*Instructions to follow*
For this task, extract exactly the lines of the data below, from the line containing "Kalysky Dress Up" through the last one, with pictures left out.

*Source data*
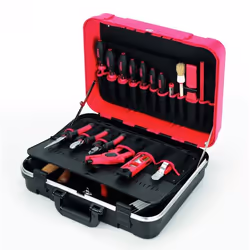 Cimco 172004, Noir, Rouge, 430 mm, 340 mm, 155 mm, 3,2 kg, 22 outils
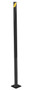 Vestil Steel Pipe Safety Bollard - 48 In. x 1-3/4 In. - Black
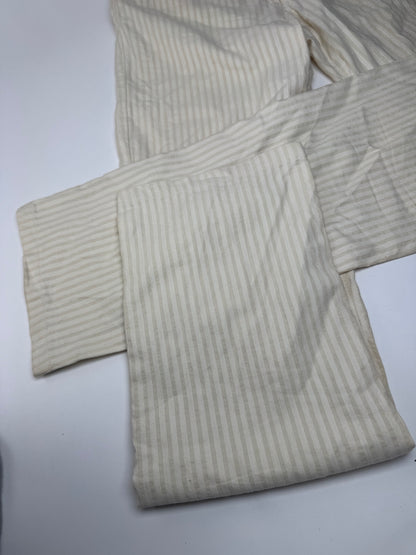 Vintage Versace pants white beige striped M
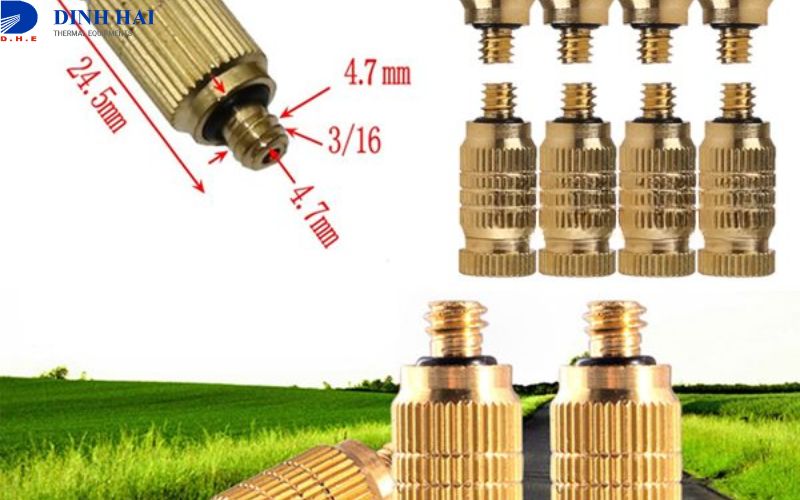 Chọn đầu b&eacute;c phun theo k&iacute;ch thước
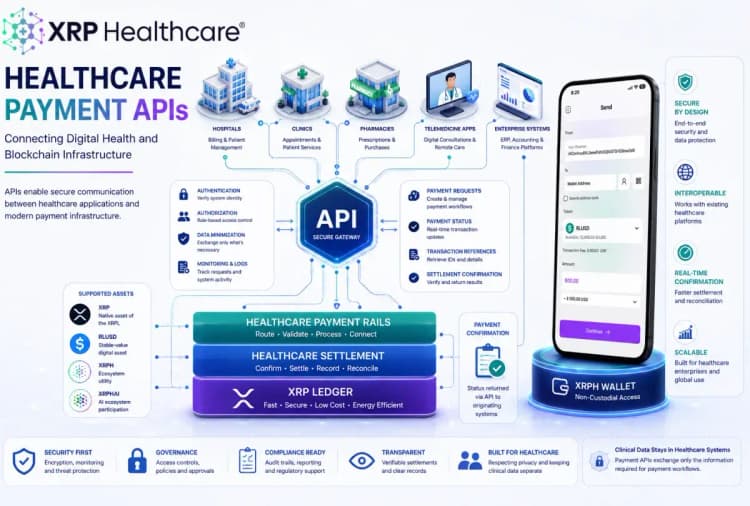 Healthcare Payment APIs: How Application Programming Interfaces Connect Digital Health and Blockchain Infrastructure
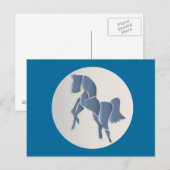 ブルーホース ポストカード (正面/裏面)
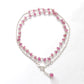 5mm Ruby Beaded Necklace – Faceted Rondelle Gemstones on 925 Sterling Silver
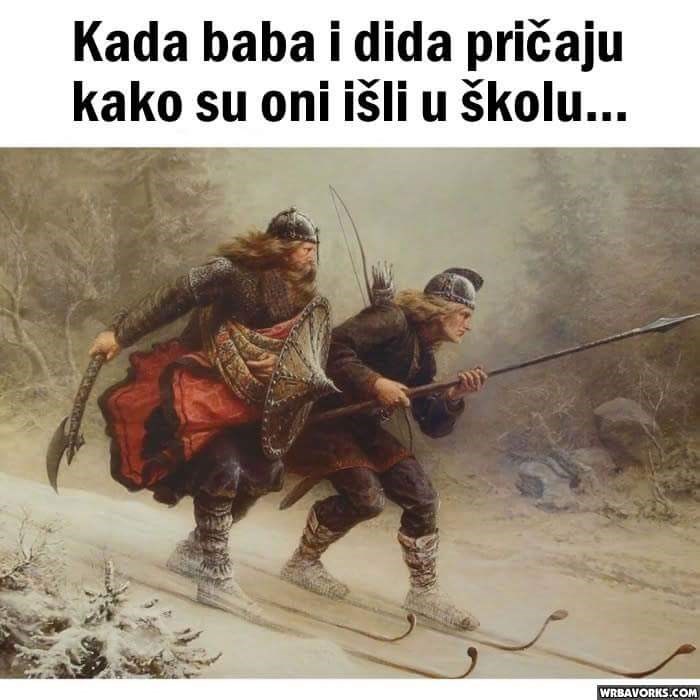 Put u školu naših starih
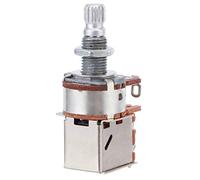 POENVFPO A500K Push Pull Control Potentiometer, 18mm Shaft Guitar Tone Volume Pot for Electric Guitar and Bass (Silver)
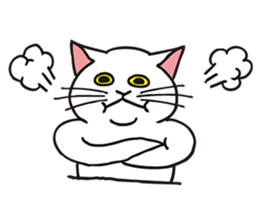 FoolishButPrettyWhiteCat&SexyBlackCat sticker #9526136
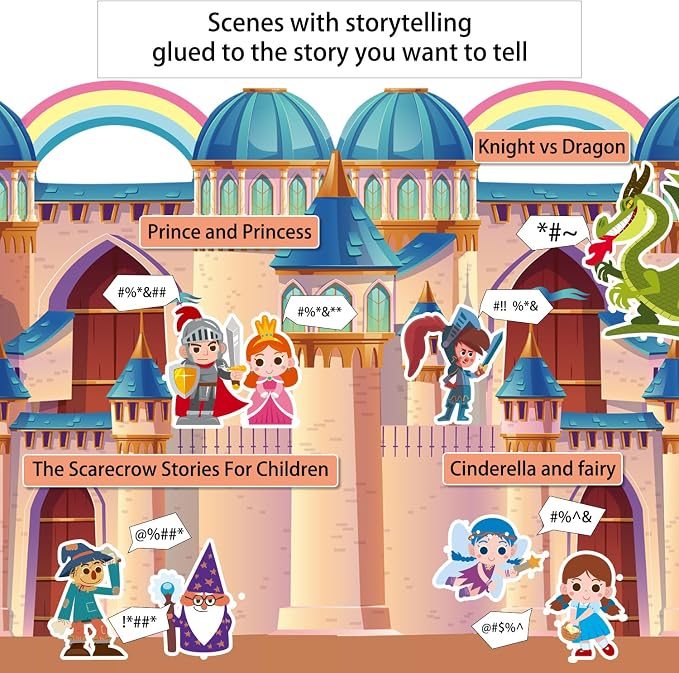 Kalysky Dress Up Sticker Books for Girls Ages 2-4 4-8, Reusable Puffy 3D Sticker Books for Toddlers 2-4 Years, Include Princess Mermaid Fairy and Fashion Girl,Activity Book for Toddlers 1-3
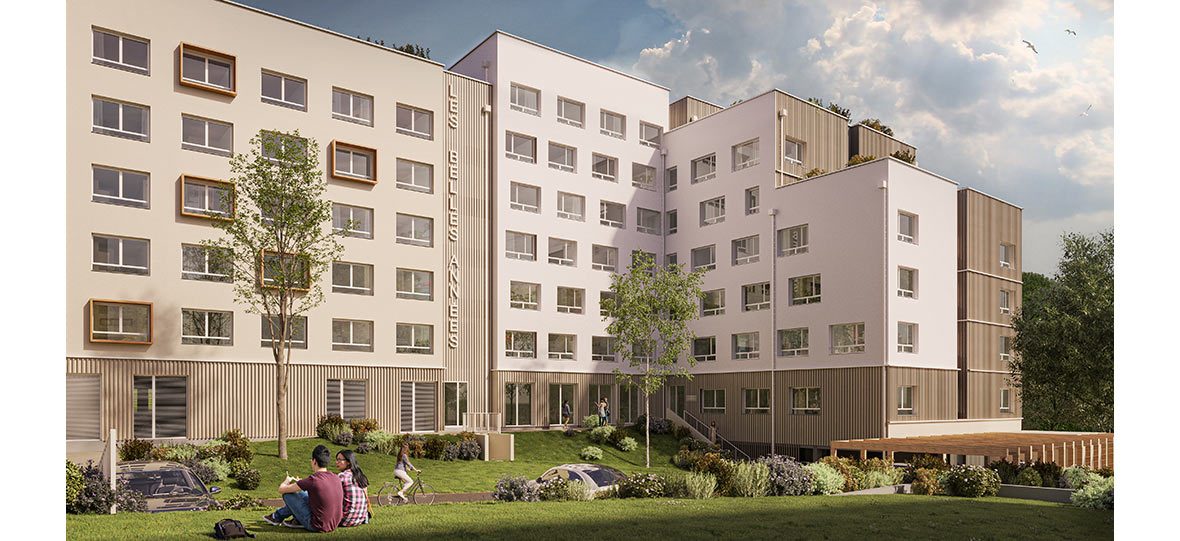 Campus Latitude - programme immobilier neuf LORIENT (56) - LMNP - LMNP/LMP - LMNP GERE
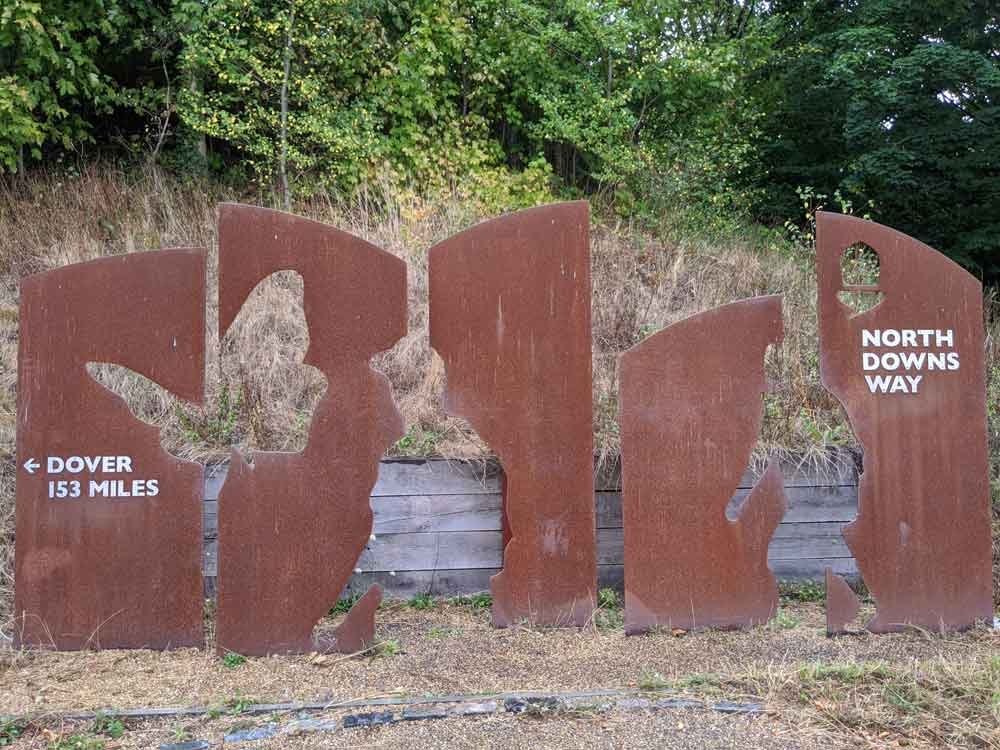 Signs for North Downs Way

*Response box*
 Kalysky Dress Up Sticker Books for Girls Ages 2-4 4-8, Reusable Puffy 3D Sticker Books for Toddlers 2-4 Years, Include Princess Mermaid Fairy and Fashion Girl,Activity Book for Toddlers 1-3
 Campus Latitude - programme immobilier neuf LORIENT (56) - LMNP - LMNP/LMP - LMNP GERE
 Signs for North Downs Way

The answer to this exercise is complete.